Ginger Finds a Home
- Author: Charlotte Voake
- Illustrator: Charlotte Voake
- Language: English
- Genre: Children's picture book
- Published: 2003 (Walker Books)
- Publication place: England
- Media type: Print (hardback)
- Pages: 40 (unpaginated)
- ISBN: 9780744596489
- OCLC: 52196354
- Preceded by: Ginger
- Followed by: Ginger and the Mystery Visitor

= Ginger Finds a Home =

Children's picture book by Charlotte Voake

Ginger Finds a Home is a 2003 children's picture book by Charlotte Voake. A prequel of Voakes 1996 picture book Ginger, it concerns a young stray cat called Ginger that becomes part of a girl's household.

==Reception==
Reviews of Ginger Finds a Home have been positive.

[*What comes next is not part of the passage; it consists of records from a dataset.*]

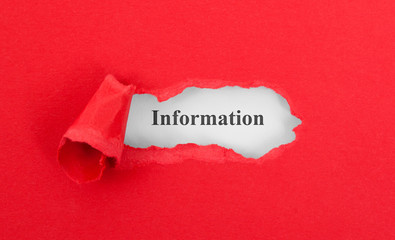 Text appearing behind torn red envelop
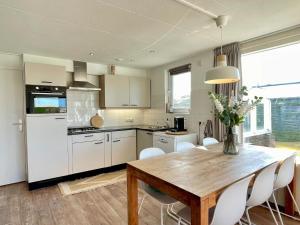 a kitchen with a wooden table and white cabinets at De Snip in Ballum +17 photos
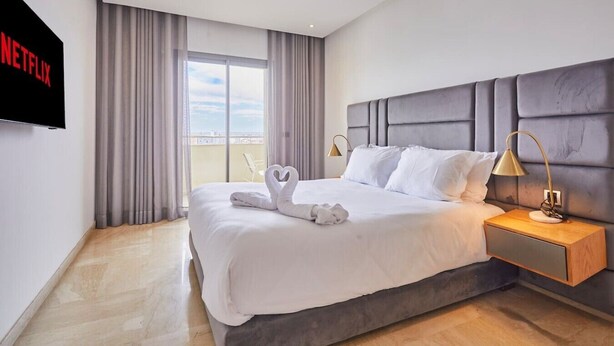 Quarto de hotel com uma cama grande, TV fixada na parede, mesa de cabeceira com abajur e vista do céu pela janela.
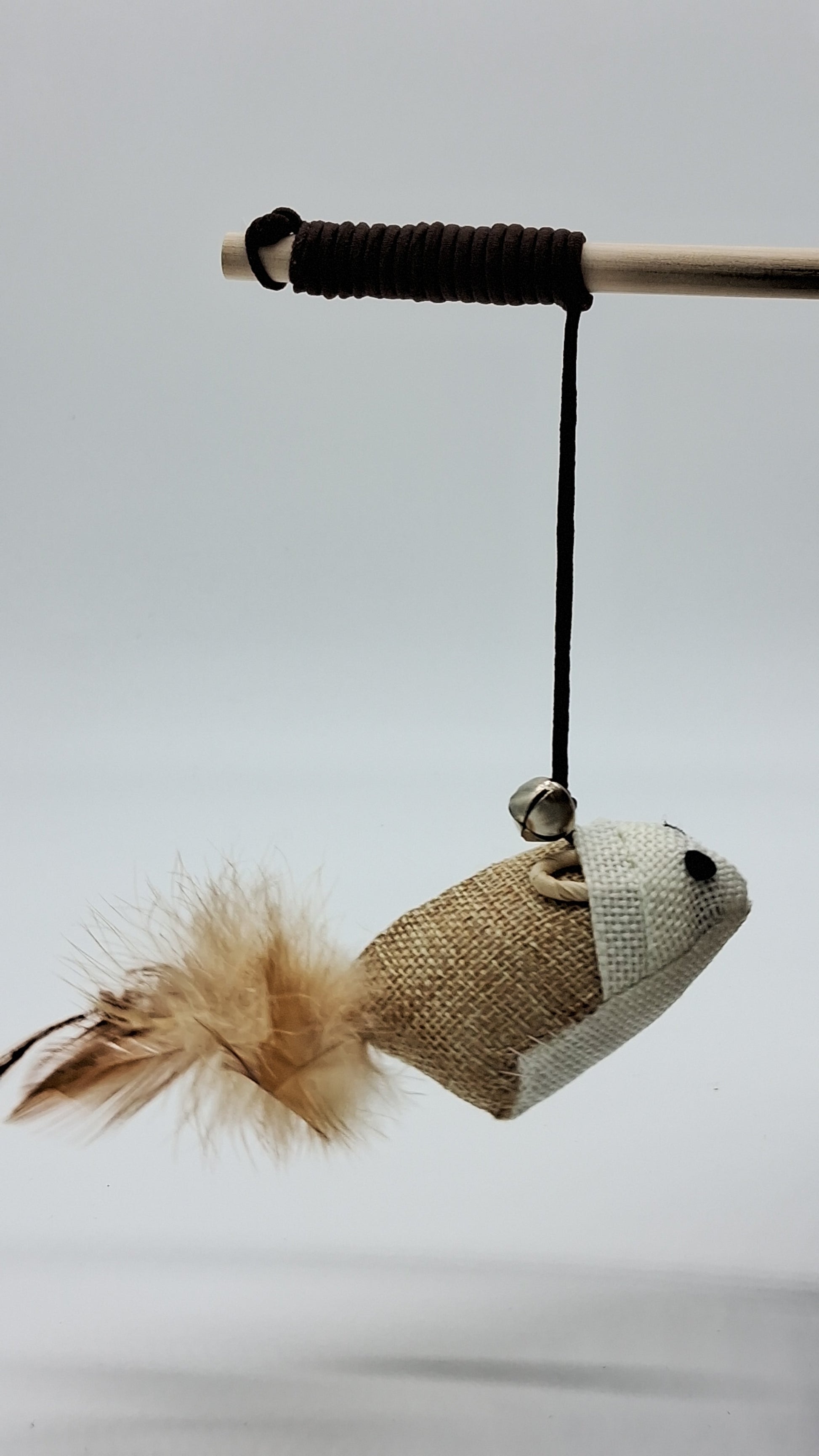 Toys N Treats Box wooden teaser wand with a burlap mouse toy, brown feathers, and a silver jingle bell.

Library Media Connection recommended it and wrote "A simply illustrated and written book shows how Ginger finds love and friendship through building a trusting relationship." A reviewer for Booklist affirmed Voake's illustrative style writing "Neophyte picture-book artists who cram the pages with saturated colors and busy details have a lot to learn from Voake's economical approach, which makes it easy for young children to sense the characters' emotions and to care about the story's outcome."

Ginger Finds a Home has also been reviewed by Kirkus Reviews, Publishers Weekly, School Library Journal, Horn Book Guides, and Magpies.